Don’t ignore the middleboxes
Traditional networks contain routers, switches, clients and servers. Most introductory networking textbooks focus on these devices and the protocols that they use. However, real networks can be much more complex than the typical academic networks that are considered in textbooks. During the last decade, enterprise networks have included more and more middleboxes.

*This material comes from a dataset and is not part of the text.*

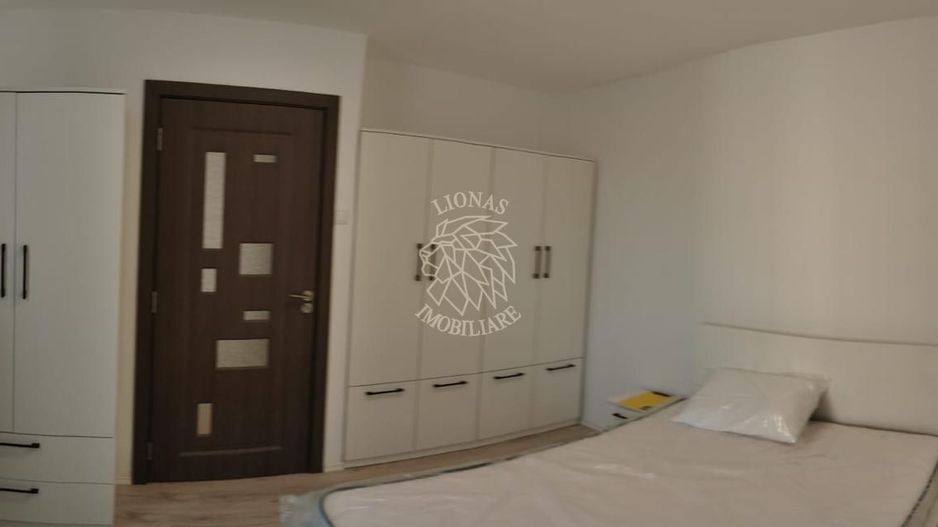 Apartament 4 camere-2 balcoane-etaj 3-renovat complet-Zona A. Muresanu - Poză 3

A middlebox can be roughly defined as a device that resides inside the network and it able to both forward (like a router or a switch) but also modify packets. For this reason, middleboxes are often considered as layer-7 relays but they are not officially part of the Internet architecture. These middleboxes are usually deployed by network operators to better control or improve the performance of traffic in their network. There exist various types of middleboxes RFC 3234. The most common ones are :
- Network Address Translators (NAT) that rewrite IP addresses and port numbers
- Firewalls that control the incoming and outgoing packets
- Network Intrusion Detection System that analyse the packet payloads to detect possible attacks
- Load balancers that allow to distribute the load among several servers
- WAN optimizers that compress packets before transmitting them over expensive low bandwidth links
- Media gateways that are able to transcode voice and video formats
- transparent proxy caches that speedup access to remote web servers by maintaining caches
- …
The list of middleboxes keeps growing and managing them in addition to the routers and the switches is becoming a concern for enterprise network operators. In a recent paper presented at USENIX NSDI12, Vyas Sekar and colleagues describe a survey that they performed in an anonymous entreprise network. This network contained about 900 routers and more than 600 middleboxes !

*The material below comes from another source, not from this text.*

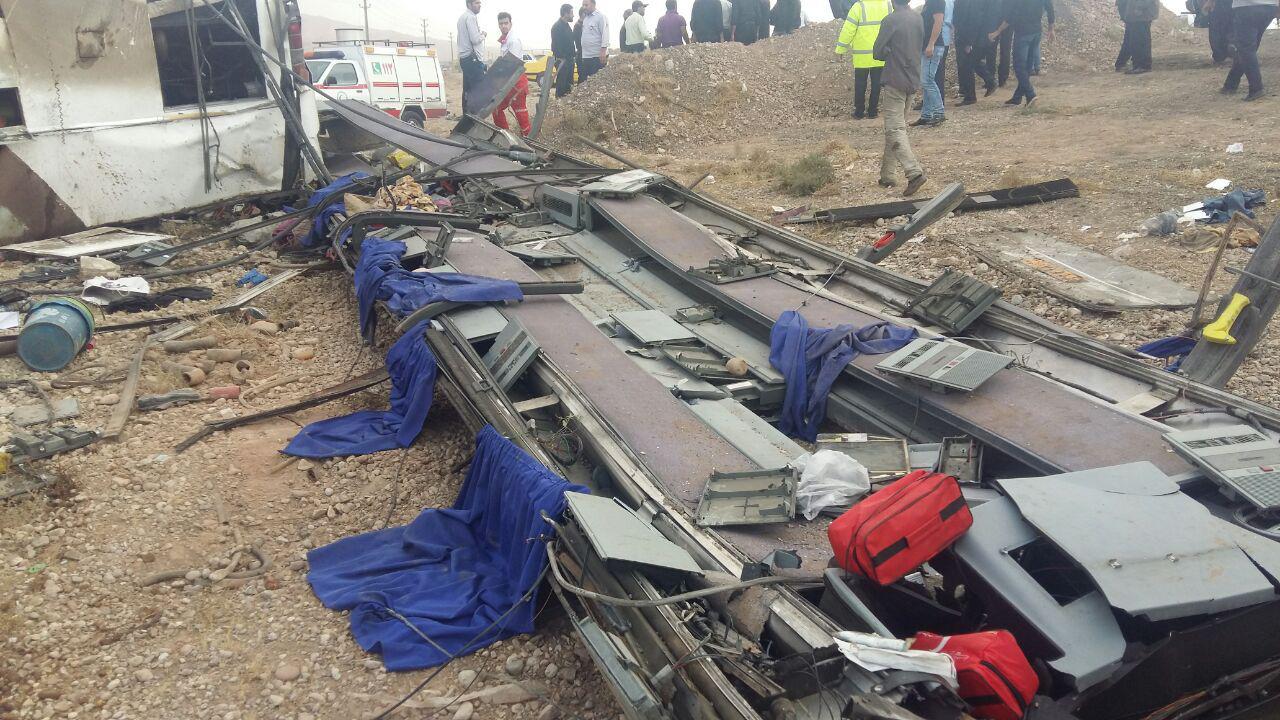 واژگونی اتوبوس در سمنان/ فوت 6 نفر واژگونی اتوبوس در سمنان/ فوت 6 نفر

| Appliance type | Number |
|---|---|
| Firewall | 166 |
| Network Intrusion Detection System | 127 |
| Conferencing/Media gateway | 110 |
| Load balancers | 67 |
| Proxy caches | 66 |
| VPN devices | 45 |
| WAN optimizers | 44 |
| Voice gateways | 11 |
| Routers | about 900 |
Internet Topology Zoo
A recent article published on slate provided nice artistic views about the layout of the optical fibers that are used for Internet.

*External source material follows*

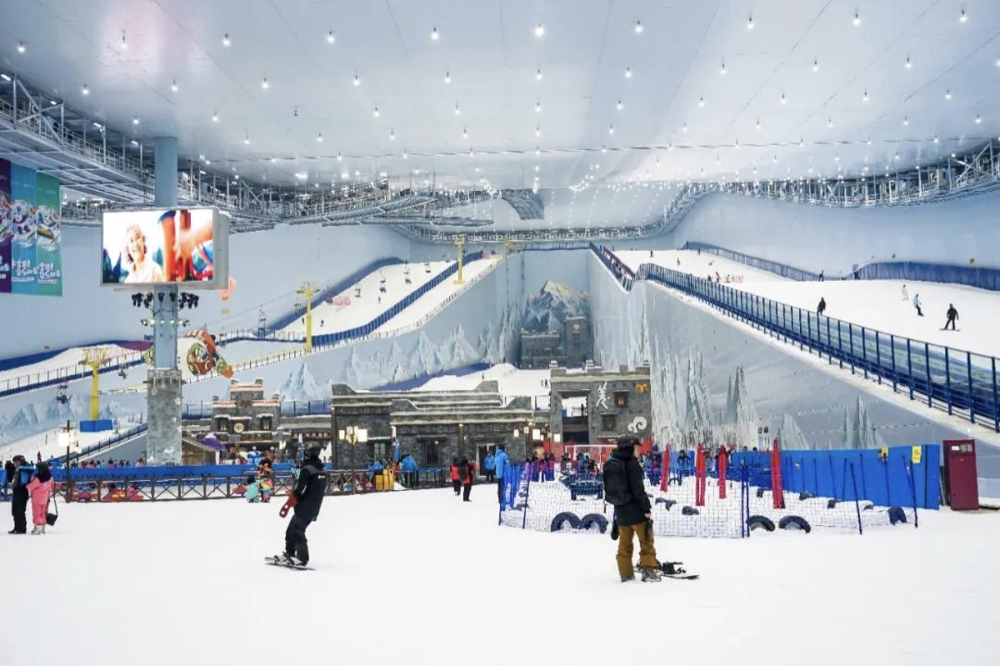 成都最大室内滑雪场图片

Researchers have spent a lot of time to collect data about ISP networks during the slate decade. If you are looking for nice maps about real networks, I encourage you to have a look at the Internet topology zoo. This website, maintained by researchers from the University of Adelaide contains maps of a few hundred networks, an excellent starting point if you would like to understand a bit more on ISP networks are designed.
If you are more interested by the layout of cables, notably submarine cables, you can also check the geographical maps provided by telegeography.
Controlling Queueing delays
Routers use a buffer to store the packets that have arrived but have not yet been retransmitted on their output linke. These buffers play an important role in combination with TCP’s congestion control scheme TCP uses packet losses to detect congestion. To manage their buffers, routers rely on a buffer acceptance algorithm. The simplest buffer acceptance algorithm is to discard packets as soon as the buffer is full. This algorithm can be easily implemented, but simulations and measurements have shown that is does not always provide good performance with TCP.
In the 1990s, various buffer acceptance algorithms have been proposed to overcome this problem. Random Early Detection (RED) probabilistically drops packets when the average buffer occupancy becomes too high. RED has been implemented on routers and has been strongly recommended by the IETF in RFC 2309. However, as of this writing, RED is still not widely deployed. One of the reasons is that RED uses many parameters and is difficult to configure and tune correctly (see the references listed on http://www.icir.org/floyd/red.html).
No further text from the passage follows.